496	   Malicious transports:  A queue that gives an advantage to small
497	      packets can be used to amplify the force of a flooding attack.  By
498	      sending a flood of small packets, the attacker can get the queue
499	      to discard more traffic in large packets, allowing more attack
500	      traffic to get through to cause further damage.  Such a queue
501	      allows attack traffic to have a disproportionately large effect on
502	      regular traffic without the attacker having to do much work.

504	   Non-malicious transports:  Even if a transport designer is not
505	      actually malicious, if over time it is noticed that small packets
506	      tend to go faster, designers will act in their own interest and
507	      use smaller packets.  Queues that give advantage to small packets
508	      create an evolutionary pressure for transports to send at the same
509	      bit-rate but break their data stream down into tiny segments to
510	      reduce their drop rate.  Encouraging a high volume of tiny packets
511	      might in turn unnecessarily overload a completely unrelated part
512	      of the system, perhaps more limited by header-processing than
513	      bandwidth.

515	   Imagine two unresponsive flows arrive at a bit-congestible
516	   transmission link each with the same bit rate, say 1Mbps, but one
517	   consists of 1500B and the other 60B packets, which are 25x smaller.
518	   Consider a scenario where gentle RED [gentle_RED] is used, along with
519	   the variant of RED we advise against, i.e. where the RED algorithm is
520	   configured to adjust the drop probability of packets in proportion to
521	   each packet's size (byte mode packet drop).  In this case, RED aims
522	   to drop 25x more of the larger packets than the smaller ones.  Thus,
523	   for example if RED drops 25% of the larger packets, it will aim to
524	   drop 1% of the smaller packets (but in practice it may drop more as
525	   congestion increases [RFC4828; Appx B.4]).  Even though both flows
526	   arrive with the same bit rate, the bit rate the RED queue aims to
527	   pass to the line will be 750kbps for the flow of larger packets but
528	   990kbps for the smaller packets (because of rate variations it will
529	   actually be a little less than this target).

531	   Note that, although the byte-mode drop variant of RED amplifies small
532	   packet attacks, drop-tail queues amplify small packet attacks even
533	   more (see Security Considerations in Section 6).  Wherever possible
534	   neither should be used.

536	3.2.  Small != Control

538	   Dropping fewer control packets considerably improves performance.  It
539	   is tempting to drop small packets with lower probability in order to
540	   improve performance, because many control packets are small (TCP SYNs
541	   & ACKs, DNS queries & responses, SIP messages, HTTP GETs, etc).
542	   However, we must not give control packets preference purely by virtue
543	   of their smallness, otherwise it is too easy for any data source to
544	   get the same preferential treatment simply by sending data in smaller
545	   packets.  Again we should not create perverse incentives to favour
546	   small packets rather than to favour control packets, which is what we
547	   intend.

549	   Just because many control packets are small does not mean all small
550	   packets are control packets.

552	   So, rather than fix these problems in the network, we argue that the
553	   transport should be made more robust against losses of control
554	   packets (see 'Making Transports Robust against Control Packet Losses'
555	   in Section 4.2.3).

557	3.3.  Transport-Independent Network

559	   TCP congestion control ensures that flows competing for the same
560	   resource each maintain the same number of segments in flight,
561	   irrespective of segment size.  So under similar conditions, flows
562	   with different segment sizes will get different bit-rates.

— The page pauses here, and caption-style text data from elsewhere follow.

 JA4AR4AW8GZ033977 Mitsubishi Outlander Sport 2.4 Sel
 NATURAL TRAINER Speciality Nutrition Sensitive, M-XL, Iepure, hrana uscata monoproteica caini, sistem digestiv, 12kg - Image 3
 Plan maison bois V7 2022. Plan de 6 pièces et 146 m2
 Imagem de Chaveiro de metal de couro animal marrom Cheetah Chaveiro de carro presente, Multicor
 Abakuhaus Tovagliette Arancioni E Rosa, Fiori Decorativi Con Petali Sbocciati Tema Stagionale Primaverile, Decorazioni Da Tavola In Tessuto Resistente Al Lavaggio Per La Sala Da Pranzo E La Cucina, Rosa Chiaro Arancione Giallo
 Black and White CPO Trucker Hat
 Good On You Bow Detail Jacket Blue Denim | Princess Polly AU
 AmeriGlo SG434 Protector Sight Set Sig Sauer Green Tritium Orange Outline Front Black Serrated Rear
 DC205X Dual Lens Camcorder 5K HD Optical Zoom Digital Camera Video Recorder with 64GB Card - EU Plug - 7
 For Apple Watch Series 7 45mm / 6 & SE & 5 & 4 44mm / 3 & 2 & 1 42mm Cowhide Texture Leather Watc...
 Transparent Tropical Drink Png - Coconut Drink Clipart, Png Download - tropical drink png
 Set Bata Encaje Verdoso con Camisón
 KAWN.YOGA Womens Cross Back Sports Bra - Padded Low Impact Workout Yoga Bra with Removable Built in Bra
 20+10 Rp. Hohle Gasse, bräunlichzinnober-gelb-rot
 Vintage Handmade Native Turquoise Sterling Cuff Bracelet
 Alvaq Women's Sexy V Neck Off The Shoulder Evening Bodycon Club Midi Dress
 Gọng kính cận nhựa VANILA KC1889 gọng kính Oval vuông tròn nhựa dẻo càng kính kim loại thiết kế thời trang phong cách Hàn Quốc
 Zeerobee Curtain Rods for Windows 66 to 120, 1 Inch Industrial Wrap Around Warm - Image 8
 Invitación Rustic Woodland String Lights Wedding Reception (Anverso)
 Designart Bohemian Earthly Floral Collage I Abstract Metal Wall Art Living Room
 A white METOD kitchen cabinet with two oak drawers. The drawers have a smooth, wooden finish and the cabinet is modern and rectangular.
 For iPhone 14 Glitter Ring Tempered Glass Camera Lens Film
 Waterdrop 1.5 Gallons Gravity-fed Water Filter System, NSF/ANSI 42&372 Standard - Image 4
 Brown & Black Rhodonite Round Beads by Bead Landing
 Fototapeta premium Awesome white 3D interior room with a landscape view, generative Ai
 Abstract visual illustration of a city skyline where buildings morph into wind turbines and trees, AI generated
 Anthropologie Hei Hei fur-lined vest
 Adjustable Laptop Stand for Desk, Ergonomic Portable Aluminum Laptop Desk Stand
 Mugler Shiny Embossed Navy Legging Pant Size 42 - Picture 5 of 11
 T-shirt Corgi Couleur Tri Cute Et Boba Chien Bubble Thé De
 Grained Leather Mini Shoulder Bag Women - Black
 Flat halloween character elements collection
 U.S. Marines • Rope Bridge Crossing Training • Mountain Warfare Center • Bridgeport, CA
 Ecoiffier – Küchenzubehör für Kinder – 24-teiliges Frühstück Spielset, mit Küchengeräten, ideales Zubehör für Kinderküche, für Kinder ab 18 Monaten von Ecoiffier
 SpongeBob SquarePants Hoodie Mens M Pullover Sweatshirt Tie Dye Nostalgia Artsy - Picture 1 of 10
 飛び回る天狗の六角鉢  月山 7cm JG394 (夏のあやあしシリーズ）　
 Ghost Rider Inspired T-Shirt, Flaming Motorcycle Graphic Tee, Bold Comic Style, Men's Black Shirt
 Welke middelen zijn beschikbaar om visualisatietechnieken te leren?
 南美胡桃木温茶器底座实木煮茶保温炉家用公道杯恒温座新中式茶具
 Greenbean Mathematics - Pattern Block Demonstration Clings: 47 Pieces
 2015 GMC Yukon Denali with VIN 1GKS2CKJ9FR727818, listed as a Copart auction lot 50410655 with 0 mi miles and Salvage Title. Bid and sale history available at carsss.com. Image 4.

564	   One motivation for the network biasing congestion notification by
565	   packet size is to counter this effect and try to equalise the bit-
566	   rates of flows with different packet sizes.  However, in order to do
567	   this, the queuing algorithm has to make assumptions about the
568	   transport, which become embedded in the network.  Specifically:

570	   o  The queuing algorithm has to assume how aggressively the transport
571	      will respond to congestion (see Section 4.2.4).  If the network
572	      assumes the transport responds as aggressively as TCP NewReno, it
573	      will be wrong for Compound TCP and differently wrong for Cubic
574	      TCP, etc.  To achieve equal bit-rates, each transport then has to
575	      guess what assumption the network made, and work out how to
576	      replace this assumed aggressiveness with its own aggressiveness.

578	   o  Also, if the network biases congestion notification by packet size
579	      it has to assume a baseline packet size--all proposed algorithms
580	      use the local MTU.  Then transports have to guess which link was
581	      congested and what its local MTU was, in order to know how to
582	      tailor their congestion response to that link.

584	   Even though reducing the drop probability of small packets (e.g.
585	   RED's byte-mode drop) helps ensure TCP flows with different packet
586	   sizes will achieve similar bit rates, we argue this correction should
587	   be made to any future transport protocols based on TCP, not to the
588	   network in order to fix one transport, no matter how predominant it
589	   is.  Effectively, favouring small packets is reverse engineering of
590	   network equipment around one particular transport protocol (TCP),
591	   contrary to the excellent advice in [RFC3426], which asks designers
592	   to question "Why are you proposing a solution at this layer of the
593	   protocol stack, rather than at another layer?"

595	   In contrast, if the network never takes account of packet size, the
596	   transport can be certain it will never need to guess any assumptions
597	   the network has made.  And the network passes two pieces of
598	   information to the transport that are sufficient in all cases: i)
599	   congestion notification on the packet and ii) the size of the packet.
600	   Both are available for the transport to combine (by taking account of
601	   packet size when responding to congestion) or not.  Appendix B checks
602	   that these two pieces of information are sufficient for all relevant
603	   scenarios.

605	   When the network does not take account of packet size, it allows
606	   transport protocols to choose whether to take account of packet size
607	   or not.  However, if the network were to bias congestion notification
608	   by packet size, transport protocols would have no choice; those that
609	   did not take account of packet size themselves would unwittingly
610	   become dependent on packet size, and those that already took account
611	   of packet size would end up taking account of it twice.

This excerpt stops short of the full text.